START EXCERPTED DATA

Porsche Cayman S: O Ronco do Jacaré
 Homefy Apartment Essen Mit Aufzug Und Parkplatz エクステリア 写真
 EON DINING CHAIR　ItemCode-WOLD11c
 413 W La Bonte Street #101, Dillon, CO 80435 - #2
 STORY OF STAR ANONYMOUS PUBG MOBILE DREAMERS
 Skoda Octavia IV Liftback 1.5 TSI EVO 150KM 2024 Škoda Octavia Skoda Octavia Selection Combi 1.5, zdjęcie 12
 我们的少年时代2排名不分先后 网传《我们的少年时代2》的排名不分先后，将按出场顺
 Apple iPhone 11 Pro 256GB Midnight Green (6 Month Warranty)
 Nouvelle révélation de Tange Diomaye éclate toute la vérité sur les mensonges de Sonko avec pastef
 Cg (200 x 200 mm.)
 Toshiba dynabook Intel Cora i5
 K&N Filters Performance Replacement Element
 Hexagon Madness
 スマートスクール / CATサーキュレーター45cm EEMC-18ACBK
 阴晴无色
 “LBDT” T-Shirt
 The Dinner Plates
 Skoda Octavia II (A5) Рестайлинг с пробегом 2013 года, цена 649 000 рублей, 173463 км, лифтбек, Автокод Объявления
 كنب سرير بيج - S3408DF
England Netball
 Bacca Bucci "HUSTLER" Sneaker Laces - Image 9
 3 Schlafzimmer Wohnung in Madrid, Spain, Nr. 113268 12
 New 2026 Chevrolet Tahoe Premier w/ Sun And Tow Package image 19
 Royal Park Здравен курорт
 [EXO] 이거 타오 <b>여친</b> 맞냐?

END EXCERPTED DATA

● **WORK TO BE COMPLETED**
Retype exactly the lines of the data above, starting at its first line and finishing with the line that has "STORY OF STAR ANONYMOUS PUBG MOBILE DREAMERS" in it.

● **YOUR SOLUTION**
Porsche Cayman S: O Ronco do Jacaré
 Homefy Apartment Essen Mit Aufzug Und Parkplatz エクステリア 写真
 EON DINING CHAIR　ItemCode-WOLD11c
 413 W La Bonte Street #101, Dillon, CO 80435 - #2
 STORY OF STAR ANONYMOUS PUBG MOBILE DREAMERS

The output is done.